King Tubby’s Prophecies Of Dub
Label: Pressure Sounds
Genre: Dub, Reggae, Reggae/Dub
$39.99
Availability: In stock
‘King Tubby’s Prophecies Of Dub’ almost looks like an album that was designed to confuse record collectors and dub enthusiasts. Firstly, the record carries nearly the same title as a slightly earlier release, also produced by Vivian Jackson, aka Yabby You.
Yabby You: “First we do ‘King Tubby’s Prophecy Of Dub’, it come just after my first vocal LP. Then there was ‘King Tubby’s Prophecies Of Dub’ that was mixed by Pat Kelly, who was working at Tubby’s at the time.”
Pat Kelly: “Well fortunately Yabby You put my name (on it). I think I made them three one night, and then another week also he come back and do another three, and so it was done over some period of time. Yabby was with me most of the time, but I was always left to do what I wanted with the mix.”

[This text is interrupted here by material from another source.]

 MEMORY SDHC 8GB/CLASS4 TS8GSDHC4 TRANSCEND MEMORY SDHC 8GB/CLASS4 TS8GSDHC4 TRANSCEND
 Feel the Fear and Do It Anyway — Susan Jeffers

Secondly, King Tubby is named in the title, but the rear sleeve states that the album had ‘Pat Kelly at the control’. This is more understandable, as the record was mixed at Tubby’s studio and carries its signature sound. After 1975, Tubby had partly stepped back from mixing work, but was still credited with most of the music coming out of his studio.

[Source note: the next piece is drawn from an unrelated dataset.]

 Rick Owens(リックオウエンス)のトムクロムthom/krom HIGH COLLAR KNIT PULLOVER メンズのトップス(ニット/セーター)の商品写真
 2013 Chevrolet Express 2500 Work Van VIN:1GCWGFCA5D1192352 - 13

Yabby You: “Pat Kelly is a nice guy and a real gentleman, so I give him full credit as the engineer. Him have a different sound from Tubby’s – each have their own style, but Tubby’s have the talk, and the sound and the studio named King Tubby’s. So Pat Kelly’s works wasn’t well promoted like Tubby’s, and when the customers come they want Tubby’s name.”
Pat Kelly: “I mix a whole lot of thing for many people, but often the producer don’t credit the engineer properly, they just put King Tubby’s Studio. But Tubbys used to mostly concentrate on his electronics at the time. He was also a technician, so he loved building the amplifiers and things like that. That true story has never been told. I know it too, but I’m gonna offend a lot of people, and I don’t like offending people… I’m goin’ tell you something about knowledge: if you’re accustomed to a pattern, or something you’ve been hearing for years, it’s quite difficult to accept something else. So best to leave that! Heheheh.”
And thirdly, further confusion comes from the fact that most of the backing tracks used were not actually produced by Yabby, but belonged to Bunny ‘Striker’ Lee.
Bunny Lee: “Yabby You and Pat Kelly go behind my back and make it up. Me never even know about it til years later when Steve Barrow bring it to my attention. But it was my riddims and they used them.”
Pat Kelly: “Most of these tapes were Bunny Lee tapes, and Tubbys get a cut from the song. A lot of people didn’t even know that it wasn’t Tubbys who went to the studio and do the recording, it was Bunny Lee. Bunny Lee would be with the musicians, and then take the tape to Tubbys, and he say he like that one, or he need a cut from this one.”